A Sankey diagram depicts flows of any kind, where the width of a flow pictured is proportional to its quantity. A flow is any quantity that changes from one state to a different state. As an example, a sankey diagram would be great at depicting a job search, as applications shift to replies, shift to interviews and offers (flowing across states). Below is an example of this type of visualization from reddit user u/778dmsn, on r/dataisbeautiful:

There exists a great online tool for building Sankey Diagrams called SankeyMATIC.

To create Sankey diagrams with this tool, data must be listed in the following format:

SOURCE [AMOUNT] TARGET
SOURCE [AMOUNT] TARGET
etc.

I decided to write a short script to transform data from this wikipedia table of USA-Canada land border crossings:

The interesting thing about this data in terms of a sankey diagram is that flows here are bidirectional (ie. at a land border crossing you can cross into either country), but at differing quantities between U.S. States and Canadian Provinces/Territory. For example, from the Yukon in Canada there are 2 crossings to Alaska. However from Alaska there are 4 crossings to Canada: 2 to Yukon + 2 to British Columbia.

First, import and clean the dataframe:

import pandas as pd

df = pd.read_csv('/content/table-3.csv')

df = df.rename(columns=
          {'CanadaPort of Entry Name' : 'name',
           'Province/ Territory' : 'prov'}).drop(
               columns=['CanadaRoad/Highway [Community]','Notes','Structure orNotable Feature','Coordinates'])

new_df = df.drop(columns=['U.S.Port of Entry Name'])

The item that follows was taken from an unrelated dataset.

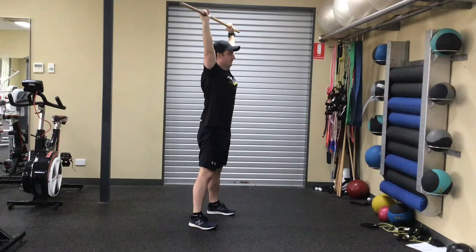Ensure your feet are set shoulder to hip width apart. Hold the dowel one and a half shoulder widths apart above your head, keeping your arms straight and in line with your ears.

Next, the loop to generate the textual format required for sankeymatic:

for prov in new_df.prov.unique():
  testdf = new_df[new_df['prov'] == prov]
  for state in testdf.State.unique():
    count = testdf.State.value_counts()[state]
    print(f'{prov} [{count}] {state}')

Output:

Yukon [2] Alaska
British Columbia [3] Alaska
British Columbia [13] Washington
British Columbia [2] Idaho
British Columbia [1] Montana
Alberta [6] Montana
Saskatchewan [6] Montana
Saskatchewan [6] North Dakota
Manitoba [12] North Dakota
Manitoba [4] Minnesota
Ontario [3] Minnesota
Ontario [4] Michigan
Ontario [7] New York
Quebec [9] New York
Quebec [15] Vermont
Quebec [1] New Hampshire
Quebec [7] Maine
New Brunswick [18] Maine

Inputting this into Sankeymatic, and adding some aesthetics, we get this:

What I like about this data and subsequent visualization is that all states are connected to each other by the 'opposite' states, and the one can 'travel' down the sankey diagram through subsequent connections (ie. going from Yukon to New Brunswick).